The truth is, how we understand capitalism has fallen badly out of sync with what it is and how it works. Today, more than half of Gen Z holds a negative view of capitalism. Nearly a third say they prefer socialism. Quiet quitting, “bare minimum Mondays,” and anti-work trends are on the rise. It’s not because people hate freedom, it’s because they don’t know how capitalism relates to it. Or how to connect their ambition to something meaningful.
And that’s not their fault. Too many of capitalism’s greatest participants and beneficiaries have forgotten or don’t know how to articulate its value - or even feel they have permission to do so.
Not long ago, I advised a woman who had sold her business for hundreds of millions of dollars. She’d worked tirelessly for years, building trust with customers, taking on enormous risk, creating real value. She said that the more successful she became, the more resentment she felt from those around her. “I never thought of what I was doing as part of some bigger idea,” she told me. “I just worked hard. I didn’t know I was supposed to be defending capitalism.”
That moment was telling. Because while capitalism is built on markets, its survival depends on culture. And culture is shaped by people, especially entrepreneurs. Not by what they write in think pieces, but by how they build, how they lead, and how they treat others.
If we want to restore the trust and promise of free enterprise, we need more people who embody it and who understand that to be a businessperson is to be a steward of a moral system.
Adam Smith, the father of free market economics, wrote only two books: The Wealth of Nations and The Theory of Moral Sentiments. He believed that commerce, done right, cultivated empathy and mutual respect. Voluntary exchange only works when people trust each other and that trust comes from character, not just contracts.
A pic of some of the group at the last command post of the Japanese commander on peleliu.
That’s where the opportunity lies. Every day, in how you manage your team, talk to customers, and make decisions, you’re modeling capitalism to someone. It might be your kids. It might be your employees. It might be a future entrepreneur watching closely.
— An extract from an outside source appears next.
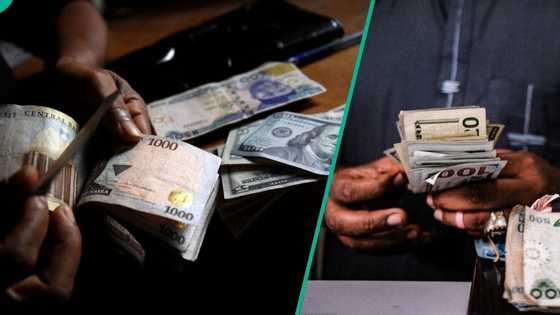 N1,338: CBN releases new exchange rates as naira gains against dollar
Peggy Noonan once wrote, “If your children understand business in America as modeled by you—as honorable men and women engaged in an honorable pursuit—then they will have respect for the institution of business.” We don’t need everyone to become a think tank scholar. We just need people to see capitalism as it truly is: a system that works when people take responsibility, honor their commitments, and create value for others. It’s a system that appeals to and depends upon the best of each of us, the makings of a meaningful life.
That’s where your role becomes irreplaceable. We need more Earl Dunckels—quiet business leaders who saw enough in a young Ronald Reagan to put him on tour for GE and turn him into a communicator of the American ideal. I can’t imagine a Fortune 50 company launching a free enterprise tour today. But I can imagine entrepreneurs like you modeling it in how you hire, price, lead, and give.
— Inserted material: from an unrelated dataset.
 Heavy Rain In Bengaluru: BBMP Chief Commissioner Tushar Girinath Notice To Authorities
We’ve spent the past several decades confusing capitalism with stock tickers, hedge fund billionaires, and Silicon Valley messiahs. No wonder the next generation is disillusioned. But capitalism isn’t about celebrity or excess. It’s about flourishing, serving others with integrity and daring to dream something into existence through your own effort.
The ideas of liberty must be made tangible. We create programs that bring values and solutions to life through experience. And that starts close to home—with your own business, family, and legacy – your own example.
The next time someone asks you what you do, don’t just say, “I run XYZ business.” Say: “I help people. I create value. I solve problems.” Say: “I’m a capitalist in the truest sense—a citizen who takes responsibility for making things better and builds trust through action.”
Because capitalism isn’t defended with press releases or politicians. It’s defended, and defined, by your example. And it’s sustained not by policy alone, but by people—people like you—who make liberty look trustworthy again.